A typical train pipeline of ScanNet for 3d detection is as below.

```python
train_pipeline = [
    dict(
        type='LoadPointsFromFile',
        coord_type='DEPTH',
        shift_height=True,
        load_dim=6,
        use_dim=[0, 1, 2]),
    dict(
        type='LoadAnnotations3D',
        with_bbox_3d=True,
        with_label_3d=True,
        with_mask_3d=True,
        with_seg_3d=True),
    dict(type='GlobalAlignment', rotation_axis=2),
    dict(
        type='PointSegClassMapping',
        valid_cat_ids=(3, 4, 5, 6, 7, 8, 9, 10, 11, 12, 14, 16, 24, 28, 33, 34,
                       36, 39),
        max_cat_id=40),
    dict(type='IndoorPointSample', num_points=40000),
    dict(
        type='RandomFlip3D',
        sync_2d=False,
        flip_ratio_bev_horizontal=0.5,
        flip_ratio_bev_vertical=0.5),
    dict(
        type='GlobalRotScaleTrans',
        rot_range=[-0.087266, 0.087266],
        scale_ratio_range=[1.0, 1.0],
        shift_height=True),
    dict(type='DefaultFormatBundle3D', class_names=class_names),
    dict(
        type='Collect3D',
        keys=[
            'points', 'gt_bboxes_3d', 'gt_labels_3d', 'pts_semantic_mask',
            'pts_instance_mask'
        ])
]
```
- `GlobalAlignment`: The previous point cloud would be axis-aligned using the axis-aligned matrix.
- `PointSegClassMapping`: Only the valid category id will be mapped to train class label id like [0, 18).
- Data augmentation:
    - `IndoorPointSample`: downsample input point cloud.

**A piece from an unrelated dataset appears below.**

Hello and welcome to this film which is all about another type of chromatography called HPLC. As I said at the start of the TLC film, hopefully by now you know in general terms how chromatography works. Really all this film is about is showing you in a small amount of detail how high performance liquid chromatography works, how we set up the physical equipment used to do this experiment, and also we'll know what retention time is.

    - `RandomFlip3D`: randomly flip input point cloud horizontally or vertically.
    - `GlobalRotScaleTrans`: rotate input point cloud, usually [-5, 5] degree.

## Metrics

Typically mean average precision (mAP) is used for evaluation on ScanNet, e.g. `mAP@0.25` and `mAP@0.5`. In detail, a generic functions to compute precision and recall for 3d object detection for multiple classes is called, please refer to [indoor_eval](https://github.com/open-mmlab/mmdetection3d/blob/master/mmdet3d/core/evaluation/indoor_eval.py).

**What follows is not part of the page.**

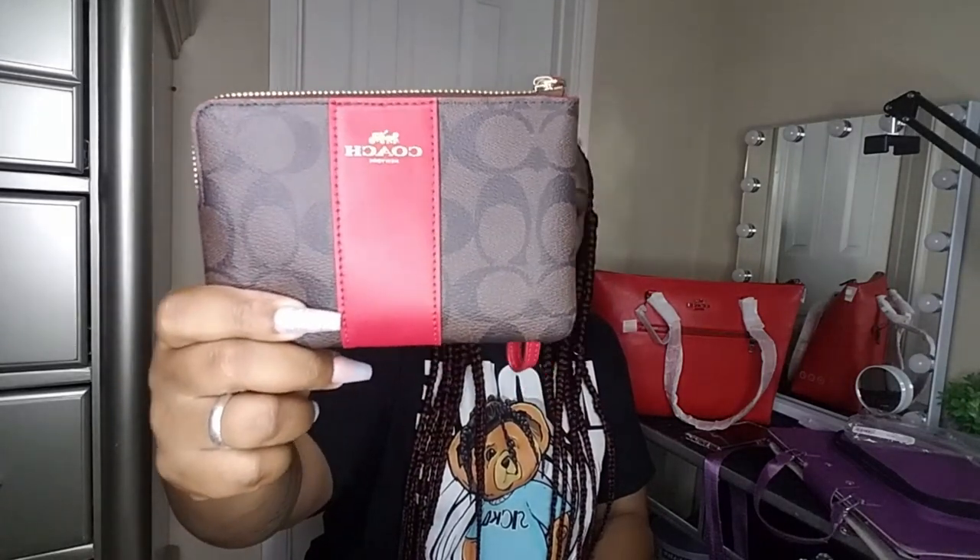This is a signature PVC leather zip, so you can consider this a wallet or also use it as a wristlet. This was actually the bag style and print I was originally looking for, but it was out of stock, so I went ahead and got the wristlet instead. I do like it. On the back it has pockets where you can keep your cards, so I'll definitely be utilizing this with this bag.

As introduced in section `Export ScanNet data`, all ground truth 3d bounding box are axis-aligned, i.e. the yaw is zero. So the yaw target of network predicted 3d bounding box is also zero and axis-aligned 3d non-maximum suppression (NMS) is adopted during post-processing without reagrd to rotation.